Ai, que saudades do Millôr!

Tem gente que parece ter nascido só para nos cutucar e desafiar. O genial jornalista, cartunista, escritor, filósofo, tradutor Millôr Fernandes, era dessas pessoas. Ainda hoje suas frases nos surpreendem como um tiro certeiro no intelecto. Em vez de dor, o que vem depois do disparo é quase sempre uma deliciosa gargalhada.  Eu, pelo menos, me acabei de rir na 12a Festa Literária Internacional de Paraty (realizada de 31 de julho a 3 de agosto), relembrando as incríveis tiradas do Millôr, o homenageado deste ano.
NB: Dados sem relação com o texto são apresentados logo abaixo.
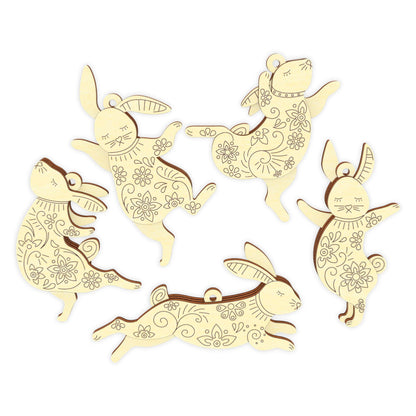 Easter Bunny Ornaments - Set of 5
Algumas delas:

"O Homem é o macaco que não deu certo."

"Basta um avião sacudir um pouquinho mais e logo todos os passageiros ficam parecidos com a foto do passaporte."

"Quando todo o mundo quer saber, é porque ninguém tem nada a ver com isso."

"Chato é uma pessoa que não sabe que 'Como vai?' é um cumprimento e não uma pergunta."





Foi uma farra deliciosa a mesa de debates intitulada "O Guru do Méier", com três jornalistas e cartunistas que trabalharam com o Millôr: Claudius, Sergio Augusto e Cássio Loredano.



Com a correta mediação do jornalista Hugo Sukman, poucas vezes vi na Flip um painel de debatedores de qualidade tão equilibrada, cada qual com seu estilo próprio e todos contribuindo de forma relevante à discussão.  Muito mais do que vontade de dar risada com as tiradas do Millôr, o que de fato senti neste debate foi uma enorme saudade de suas charges geniais, que tantos problemas lhe trouxeram na época da ditadura militar.

Ah, que falta nos faz hoje um Millôr em nossos jornais e revistas, principalmente nestas semanas que antecedem as eleições - insuportável festival de déjà-vus, platitudes e canalhices. Suas reflexões permanecem atuais como nunca:


"Democracia é quando eu mando em você. Ditadura é quando você manda em mim."

"Imprensa é oposição. O resto é armazém de secos e molhados."

"Os comunistas são contra o lucro. Nós somos apenas contra os prejuízos."

"Está bem. Deus é brasileiro. Mas para defender o Brasil de tanta corrupção, só colocando Deus no gol."

Ei, pessoal! O rei está nu! Você não viu? Então olhe de novo. Com Millôr, voltamos a enxergar a vida com olhos de criança e a agudeza do seu desconcertante espírito crítico, sempre "livre como um táxi".